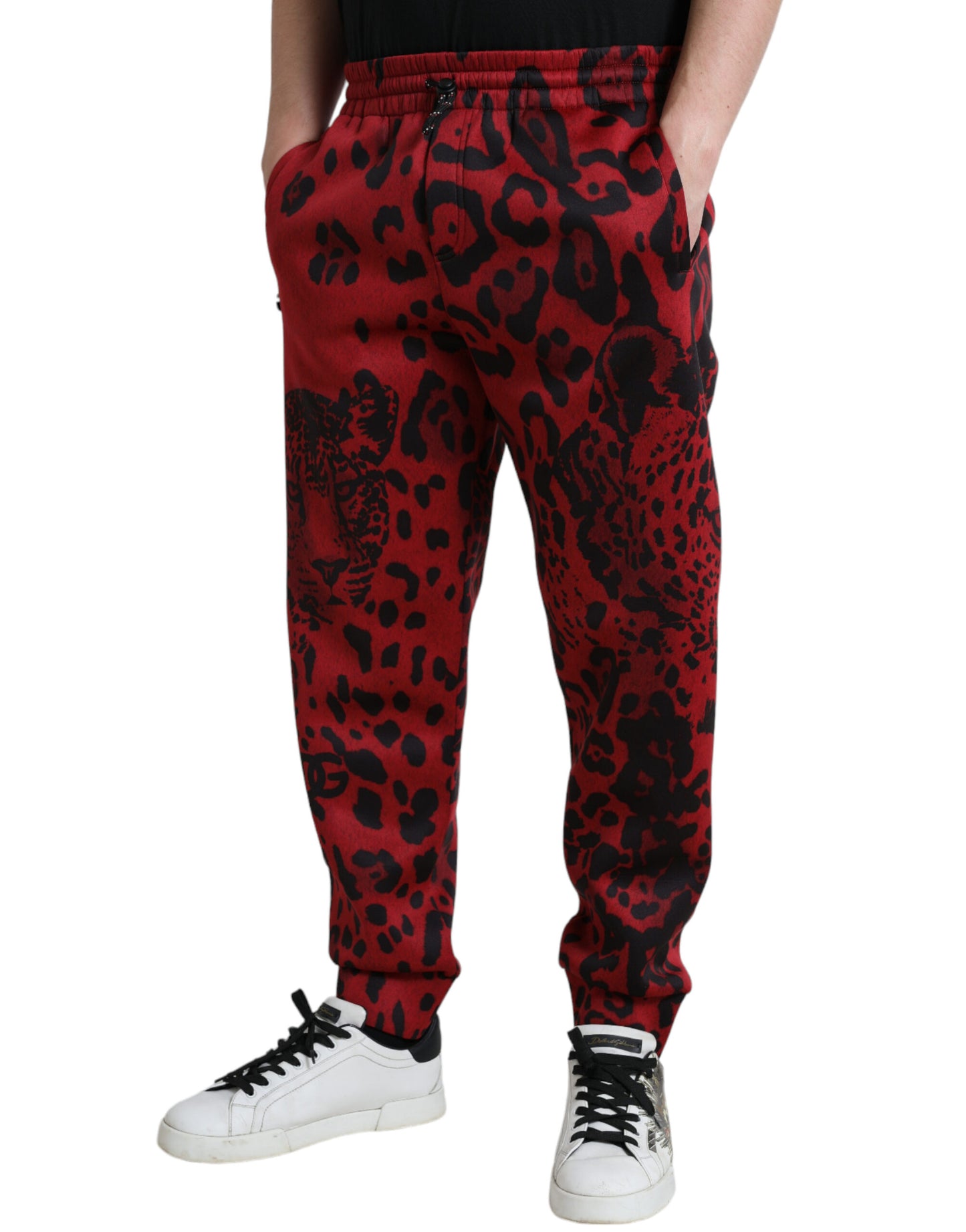  - Elegant Leopard Print Joggers in Red and Black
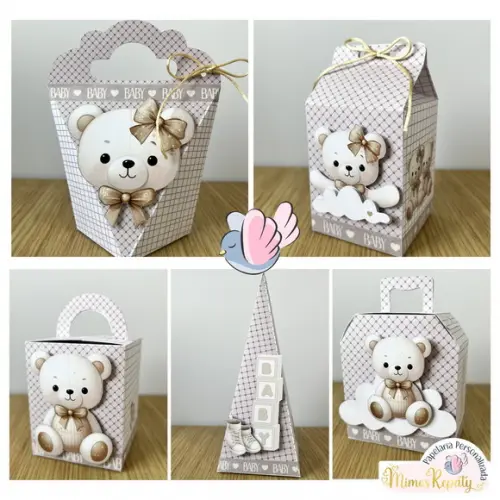 Personalizados-caixinhas - Chá de Bebê Ursinho - 10 Itens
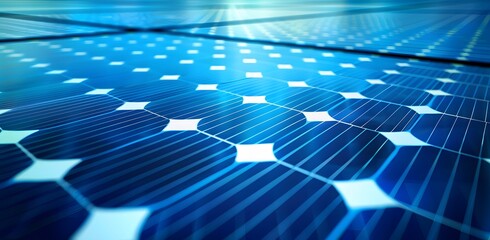 Obraz premium Close-Up Blue Solar Panel Abstract Texture
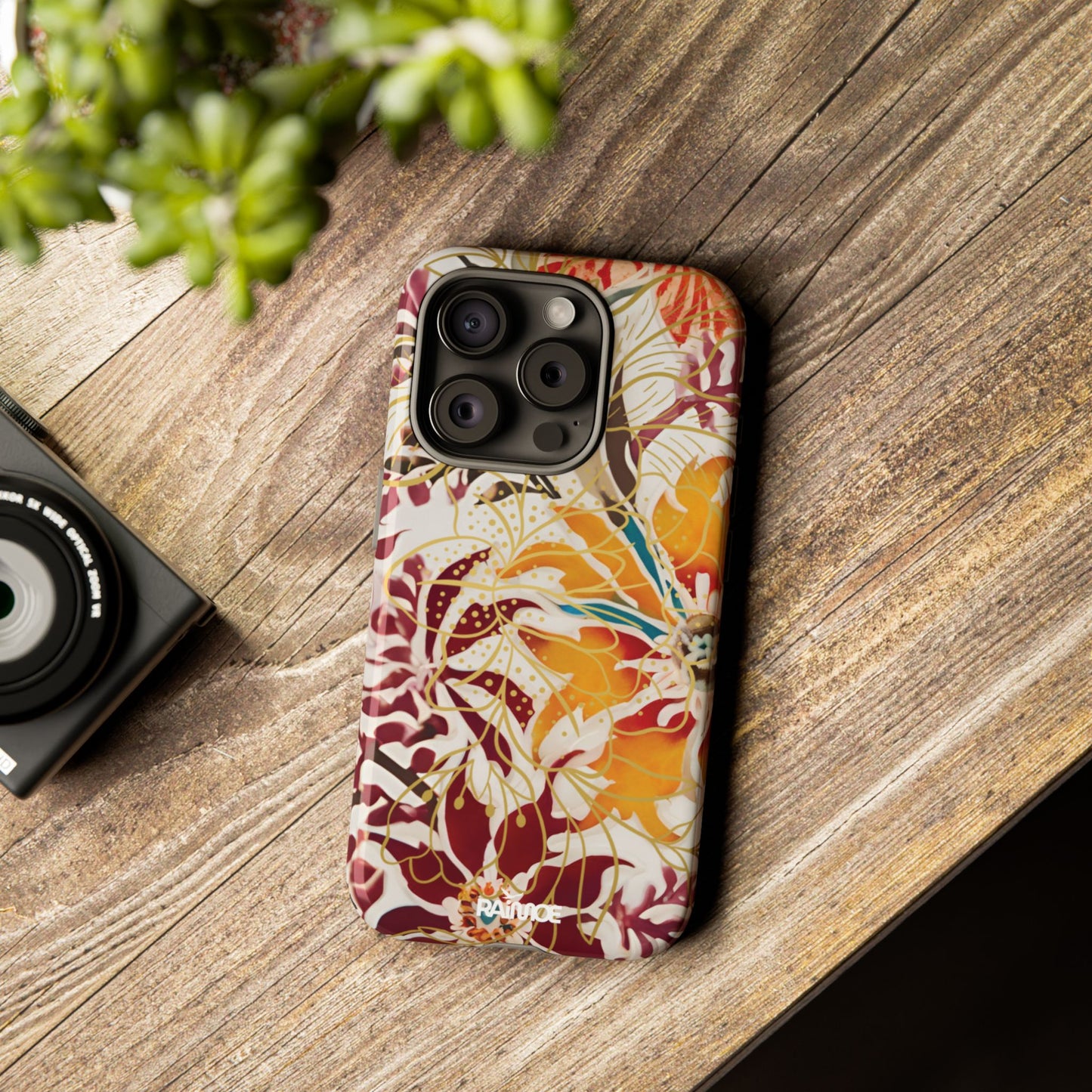 Auburn Floral - Funda resistente para iPhone (brillante)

WHAT THE EXERCISE ASKS: Reproduce all of the data exactly; the pictures do not belong in the copy.

OUTPUT FOR THIS EXERCISE:
  - Elegant Leopard Print Joggers in Red and Black
 Personalizados-caixinhas - Chá de Bebê Ursinho - 10 Itens
 Obraz premium Close-Up Blue Solar Panel Abstract Texture
 Auburn Floral - Funda resistente para iPhone (brillante)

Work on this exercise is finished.